Mais pour réussir, il faut aussi emporter le soutien de la population, de toute la population dans sa diversité, et notamment des catégories populaires. Il faut convaincre, s’engager, faire de l’action climatique cette cause nationale qui rassemble, et donc prendre en compte le sentiment d’injustice à l’œuvre dans la société française. Rien n’est pire que d’ignorer l’injustice, de ne pas la voir ou de l’accepter. Nous ne sommes pas égaux face à la crise climatique. Les dépenses d’énergie pèsent bien plus sur les foyers modestes. Demain, il faudra passer à la voiture électrique. Comment faire lorsqu’elle coûte deux années de salaire ? Cette vérité-là doit être affrontée en des termes et par des actes qui parlent à chacun. L’acceptabilité de l’action climatique et de l’effort demandé est à ce prix. Jamais le combat du climat ne sera gagné hors de la justice sociale. La crise des gilets jaunes nous l’a appris.
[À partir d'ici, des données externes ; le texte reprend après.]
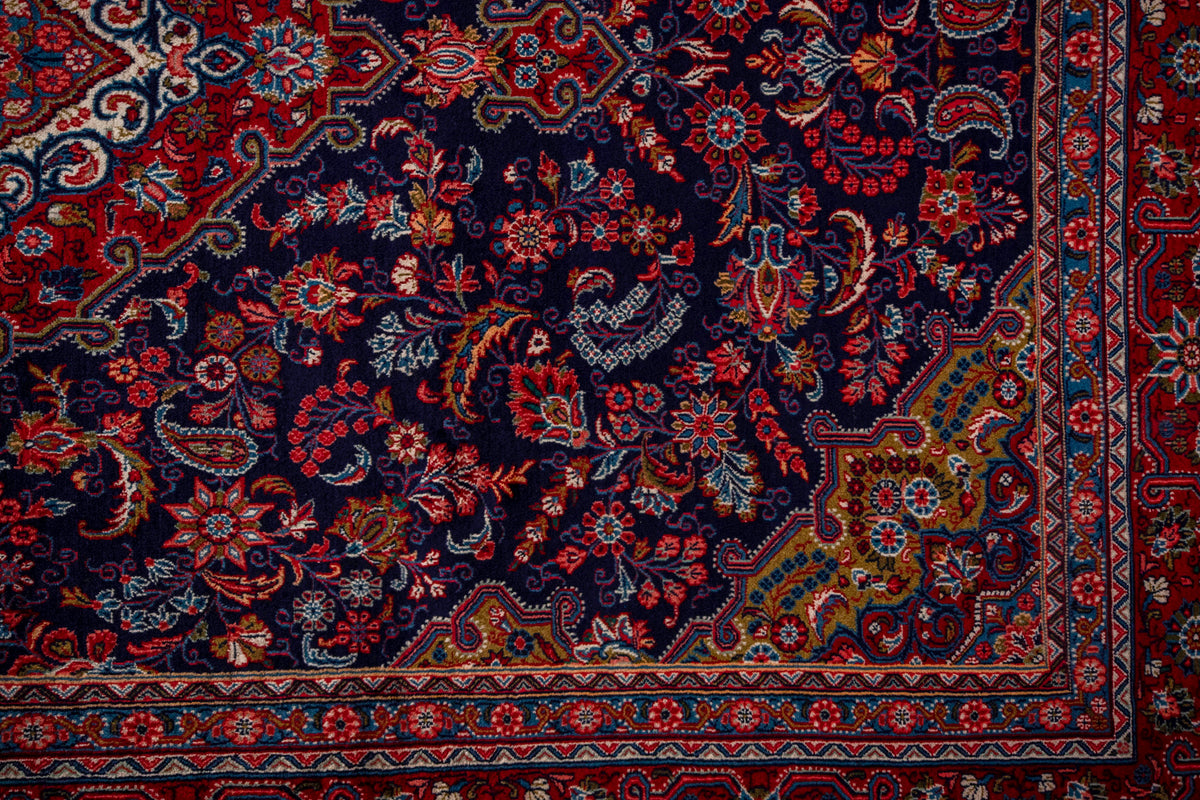 Hamadan Rug - 318 cm x 220 cm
Il faut placer le monde rural et périphérique ainsi que les banlieues des grandes villes au premier rang des priorités de l’adaptation. Et mettre en place une fiscalité sur le patrimoine des Français les plus aisés dont le produit sera dédié au financement de l’adaptation à la crise climatique. Ce symbole et ce signe-là sont nécessaires pour réaffirmer le sens de la solidarité nationale.
La peur de l’avenir apparaît dans chaque enquête d’opinion, et en particulier chez les plus jeunes. Eux verront la fin du siècle. Ils ont raison de juger sévèrement l’inaction, la faiblesse des moyens, les atermoiements, le déni de réalité et d’angoisse. A horizon de leur vie, si nous échouons dans les années à venir à agir décisivement pour décarboner l’économie de notre planète, cette planète que nous chérissons deviendra pour une part inhabitable, notamment en Afrique, là où se trouvera quelque 40% de la population mondiale. Derrière l’accès à l’eau et à l’alimentation se posera alors directement la question de la paix. A la jeunesse, il faut apporter la réponse qu’elle attend, ne pas moquer ses emportements et son idéalisme, tracer au contraire avec elle un chemin d’engagement pour que le climat soit pour elle une reconquête, un projet pour chacun et pour tous, créer de la richesse pour sauver la planète. C’est maintenant qu’il faut agir, pas dans un an, pas en 2027, pas en calculant. Cela commence par la volonté politique, le sens du rassemblement, celui du dépassement aussi. Un jour, dans longtemps, j’espère que mes enfants, leurs enfants, leurs petits-enfants pédaleront comme je l’ai fait sur les routes des monts d’Arrée. Parce que nous aurons réussi ensemble. Donnons-nous, donnons leur cette chance.